To focus on mRNAs, polyadenylated (poly A+) RNA is enriched from total RNA and reverse-transcribed and converted to a strand-specific sequencing library [17-20]. Single end (SE) or paired end (PE) sequencing is carried out to depths of 50 to 100 million reads and 50 to 125 cycles respectively. In projects for which isoform-specific expression or novel transcript identification is desired, longer 150 to 250 bp-paired end reads or greater are sequenced. Each sample is sequenced to a minimum depth of 100 million reads.
FASTQC is one of the most widely used programs to check the quality of raw sequence data [21]. FASTQC output provides graphical representations of the input FASTQ file with metrics including “Per Base Sequence Quality” and “Overrepresented sequences”. FASTQC outputs graphics which highlight FASTQ input files that can be considered acceptable or unacceptable (Figure 5). Running FASTQC before and after adaptor trimming allows the user to make a decision as to whether the FASTQs are of high enough quality for downstream analyses [21]. Trimming and Filtering are part of the pre-processing step in which low quality bases and overrepresented sequences are removed [22]. Figure 5 illustrates this issue. The sample in Figure 5A, is of high quality whereas the sample in Figure 5B has several quality issues owing to the library preparation step but overall represents high quality sequencing. The researcher would most likely trim and filter overrepresented sequences, and rerun FASTQC to ensure that the sample was acceptable for downstream analyses.
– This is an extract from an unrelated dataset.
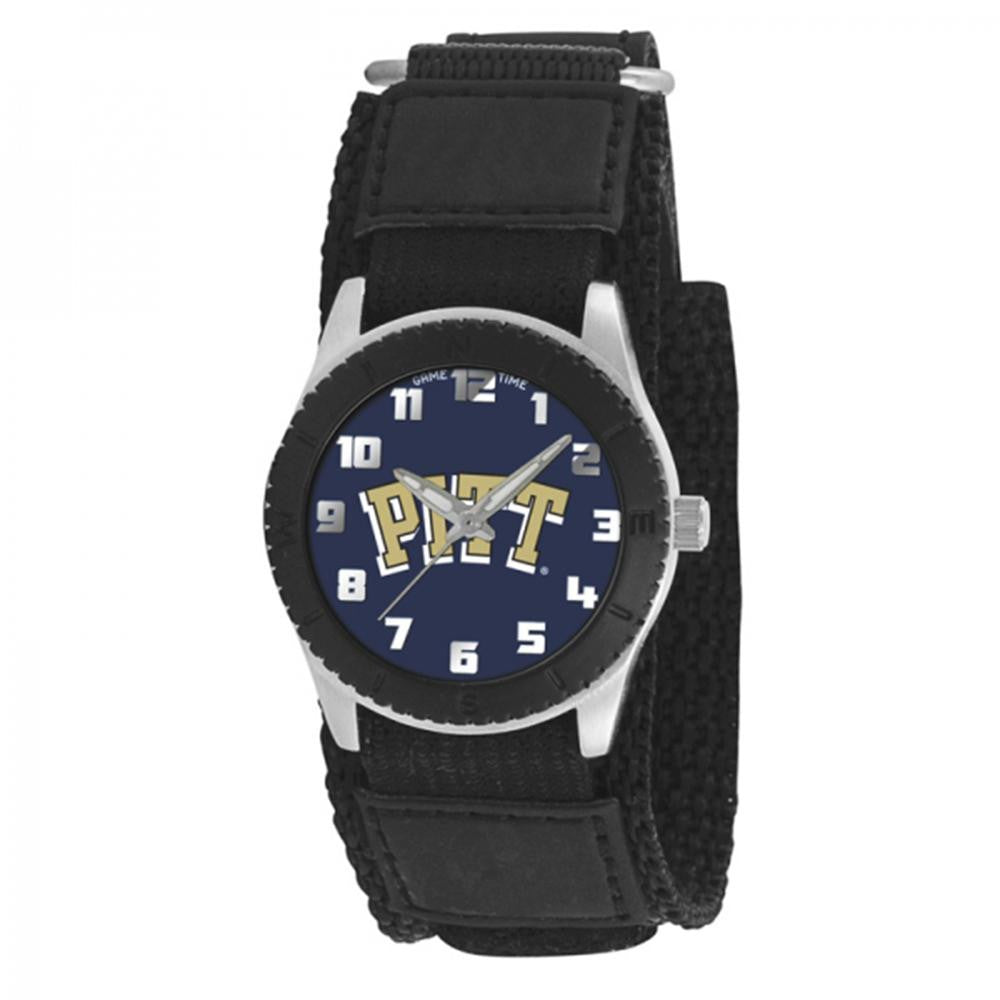 Pittsburgh Panthers NCAA Kids Rookie Series watch (Black)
These processes increase the quality and reliability of the analyses and diminish the computational cost and execution time [23]. Cutadapt and Trimmomatic are two frequently cited software suites which perform this step [24]. Although the two have differences in their approach their results are similar [23]. Trimmomatic runs in Java, can work simultaneously with paired end data but only supports Illumina sequencing data [23, 25]. Cutadapt runs in Python and C, and paired ended samples have to be analyzed separately. However sequencing data is not restricted to Illumina data. Cutadapt works with SOLID sequencing data [23, 24].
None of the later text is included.